Jake offered the following suggestion - fetch(brokenUrl, { cache: 'reload' })
I tested this out on a random test URL and set the long max-time
on its cache-control
response header. I then hit a second page (after changing the initial test page's cache-control
to no-cache
), which included the suggested fetch call to the now stuck test page.
After hitting the page with this fetch command, the rogue stuck resource was re-requested by Safari, and when I returned to the original long-cached page it had it's new cache-control: no-cache
applied.
It's perfect for what I need - a cross-browser solution, albeit with an additional couple of network requests as you need to specify individual stuck resources - there's no site-wide mechanism like with clear-site-data
. But these quick tests proved that you can clear the cache of a previously visited page, from a second independent page (on the same domain).

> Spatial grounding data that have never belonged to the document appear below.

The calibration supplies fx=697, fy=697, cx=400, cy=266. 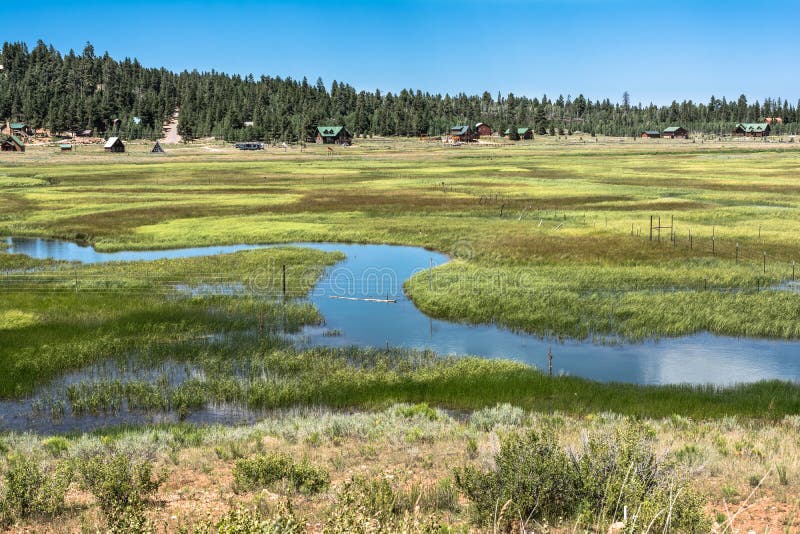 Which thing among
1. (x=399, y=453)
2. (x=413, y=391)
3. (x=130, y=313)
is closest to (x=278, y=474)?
(x=399, y=453)

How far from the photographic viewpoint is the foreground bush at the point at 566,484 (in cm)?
1011

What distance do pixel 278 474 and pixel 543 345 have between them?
16.7m

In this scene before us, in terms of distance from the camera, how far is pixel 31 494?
11.5 metres

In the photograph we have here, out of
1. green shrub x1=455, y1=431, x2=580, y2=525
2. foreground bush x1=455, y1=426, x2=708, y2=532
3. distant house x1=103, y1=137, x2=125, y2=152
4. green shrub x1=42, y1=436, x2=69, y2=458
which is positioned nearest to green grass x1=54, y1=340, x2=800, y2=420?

This technique uses the Request.cache api to tell the browser to re-request the URL specified without using any existing local cache. And to re-populate its cache based on the rules of the new cache-contol
header.
Like with clear-site-data
you wouldn't want to apply this to all your pages, but if you can get your returning-vistors to view some new content* it's a great solution.
* perhaps a special article such as this, or if you've built a web-app you could email users who you know had accessed your service between a specific date period, and send them to a brand new landing page to peform the cleanse.
There's also an experimental spec proposal only-if-cached
on this API too. Meaning in the future, we could get even more specific and only perform the cache reload if the problematic stuck resource is a) in cache for this specific visitor, and b) has a date earlier than the incident.
Anyway, for now.. I've added the following script to this page, and this page only:
<script type="module">
async function clearRogueCache(url) {
return await fetch(url, {
"cache": "reload"
});
}
await clearRogueCache("https://martinhicks.net");
await clearRogueCache("https://martinhicks.net/articles");
</script>
There we go. Still hoping this article can catch any of the early readers of my site. But also hopeful that if you're reading this way in the future, and you've made a similar mistake, you might have more options at your disposal - lucky you.
Thanks again Jake and Alex - really appreciated.